Problem to solve ▸
Each line below should be restated exactly, with nothing dropped.
┌──
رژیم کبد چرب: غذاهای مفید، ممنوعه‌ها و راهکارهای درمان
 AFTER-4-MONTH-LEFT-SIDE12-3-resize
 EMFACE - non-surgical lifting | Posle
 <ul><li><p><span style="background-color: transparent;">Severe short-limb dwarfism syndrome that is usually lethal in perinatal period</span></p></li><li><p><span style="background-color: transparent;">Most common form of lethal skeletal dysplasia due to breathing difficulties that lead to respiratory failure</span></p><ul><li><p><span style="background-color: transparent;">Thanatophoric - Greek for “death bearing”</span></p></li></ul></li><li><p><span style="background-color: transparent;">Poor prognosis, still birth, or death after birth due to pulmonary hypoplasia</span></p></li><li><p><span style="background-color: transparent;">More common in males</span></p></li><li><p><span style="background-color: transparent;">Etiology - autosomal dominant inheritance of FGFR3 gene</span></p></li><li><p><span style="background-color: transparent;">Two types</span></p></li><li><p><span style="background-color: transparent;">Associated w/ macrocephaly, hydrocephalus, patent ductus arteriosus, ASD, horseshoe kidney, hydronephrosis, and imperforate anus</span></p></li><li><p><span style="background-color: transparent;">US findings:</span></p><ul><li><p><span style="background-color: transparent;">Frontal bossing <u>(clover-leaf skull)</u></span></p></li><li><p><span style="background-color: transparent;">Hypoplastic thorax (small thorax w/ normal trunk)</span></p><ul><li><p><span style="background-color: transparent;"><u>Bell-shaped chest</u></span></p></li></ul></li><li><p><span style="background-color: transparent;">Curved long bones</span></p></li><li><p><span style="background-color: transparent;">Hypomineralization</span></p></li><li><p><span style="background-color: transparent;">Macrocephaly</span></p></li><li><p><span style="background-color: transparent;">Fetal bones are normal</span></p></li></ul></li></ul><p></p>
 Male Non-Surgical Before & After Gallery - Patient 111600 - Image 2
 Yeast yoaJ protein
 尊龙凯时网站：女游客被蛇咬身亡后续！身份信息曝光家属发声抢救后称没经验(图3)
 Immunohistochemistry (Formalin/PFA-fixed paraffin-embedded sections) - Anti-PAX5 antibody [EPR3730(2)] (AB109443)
└──
Task answer ▸
رژیم کبد چرب: غذاهای مفید، ممنوعه‌ها و راهکارهای درمان
 AFTER-4-MONTH-LEFT-SIDE12-3-resize
 EMFACE - non-surgical lifting | Posle
 <ul><li><p><span style="background-color: transparent;">Severe short-limb dwarfism syndrome that is usually lethal in perinatal period</span></p></li><li><p><span style="background-color: transparent;">Most common form of lethal skeletal dysplasia due to breathing difficulties that lead to respiratory failure</span></p><ul><li><p><span style="background-color: transparent;">Thanatophoric - Greek for “death bearing”</span></p></li></ul></li><li><p><span style="background-color: transparent;">Poor prognosis, still birth, or death after birth due to pulmonary hypoplasia</span></p></li><li><p><span style="background-color: transparent;">More common in males</span></p></li><li><p><span style="background-color: transparent;">Etiology - autosomal dominant inheritance of FGFR3 gene</span></p></li><li><p><span style="background-color: transparent;">Two types</span></p></li><li><p><span style="background-color: transparent;">Associated w/ macrocephaly, hydrocephalus, patent ductus arteriosus, ASD, horseshoe kidney, hydronephrosis, and imperforate anus</span></p></li><li><p><span style="background-color: transparent;">US findings:</span></p><ul><li><p><span style="background-color: transparent;">Frontal bossing <u>(clover-leaf skull)</u></span></p></li><li><p><span style="background-color: transparent;">Hypoplastic thorax (small thorax w/ normal trunk)</span></p><ul><li><p><span style="background-color: transparent;"><u>Bell-shaped chest</u></span></p></li></ul></li><li><p><span style="background-color: transparent;">Curved long bones</span></p></li><li><p><span style="background-color: transparent;">Hypomineralization</span></p></li><li><p><span style="background-color: transparent;">Macrocephaly</span></p></li><li><p><span style="background-color: transparent;">Fetal bones are normal</span></p></li></ul></li></ul><p></p>
 Male Non-Surgical Before & After Gallery - Patient 111600 - Image 2
 Yeast yoaJ protein
 尊龙凯时网站：女游客被蛇咬身亡后续！身份信息曝光家属发声抢救后称没经验(图3)
 Immunohistochemistry (Formalin/PFA-fixed paraffin-embedded sections) - Anti-PAX5 antibody [EPR3730(2)] (AB109443)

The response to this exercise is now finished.